The most common type of home loan is a 30-year fixed rate mortgage. For the loan's duration, 30 years, you'll be making monthly payments on the principal amount (the amount you borrow) as well as interest. The interest is the lender's profit for them allowing you to borrow the money.
Two Types of Mortgages
- Fixed Rate Mortgage
- • Permanent interest rate
- • Interest rate will be higher than Adjustable-rate mortgage
- • Perfect for buyers who want to remain in the home for a long term
- Adjustable Rate Mortgage
- • Initial interest rate is generally less than a fixed-rate
- • Interest rate is fixed for 6 months, 3, 5, 7 & 10 years
- • Interest rate is subject to change to higher rate after initial fixed period
- • Ideal for buyers who plan to own the home for a short term duration
- Jumbo Loan
- • A mortgage loan more than $417,000
- • Interest rate tends to be higher but at times are the same as conforming limits
- • Down payments for jumbo mortgages range from 5-10 percent based on the requested loan amount
- Government Loan
- • Any loan backed by the federal government
- • Lenders typically offer lower interest rates since they are insured
- • down payments range from zero down for VA mortgages to 3.5% for FHA loan
- • Acronyms: VA - Department of Veterans Affairs, FHA - Federal Housing Administration, USDA - United States Department of Agriculture, FmHA - Farmers Home Administration
Other Key Elements in a Loan
Private mortgage insurance (PMI) - insurance the borrower needs to pay to protect the lender in the event you go into default. If your down payment is under 20% of the purchase price, be prepared to pay PMI. For FHA loans, it is called MIP and is attached to the loan for its entirety.

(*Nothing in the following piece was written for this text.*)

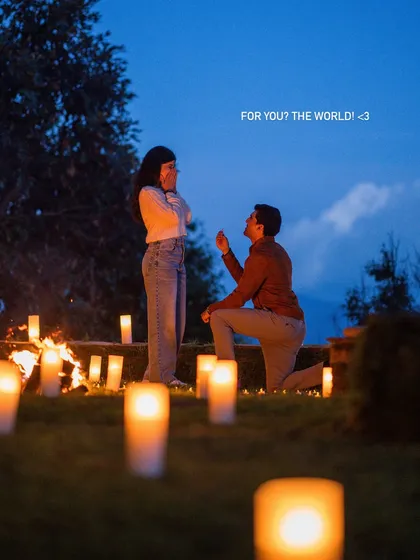 Capturing a surprise proposal is one of my favorite things. I help plan the moment so it's perfect, focusing on the genuine shock and joy. This candlelit setup in the hills made for an unforgettable "yes" moment.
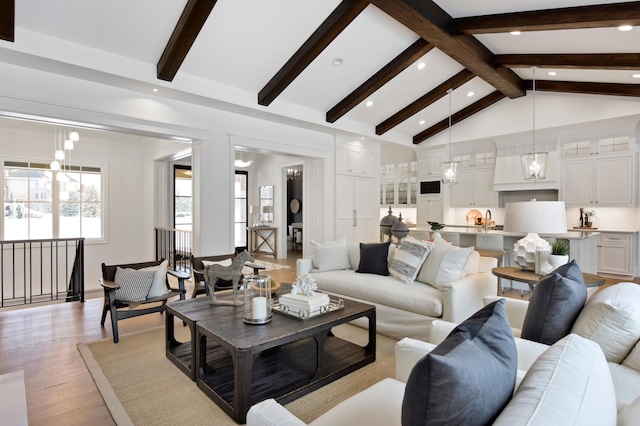 living room with beam ceiling, light hardwood / wood-style floors, and high vaulted ceiling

Escrow or impounds - Your mortgage payment will include a portion that is applied to property taxes and insurance.
Index - Applicable to adjustable rate mortgages. Your interest rate is tied to an index such as the LIBOR, 1 year Treasury, COFI, etc.
Margin - Applicable to adjustable rate mortgages. Based on your credit and/or loan program, loan product will have a margin, ranging from 2-5, that is added to the index which gives you the actual interest rate.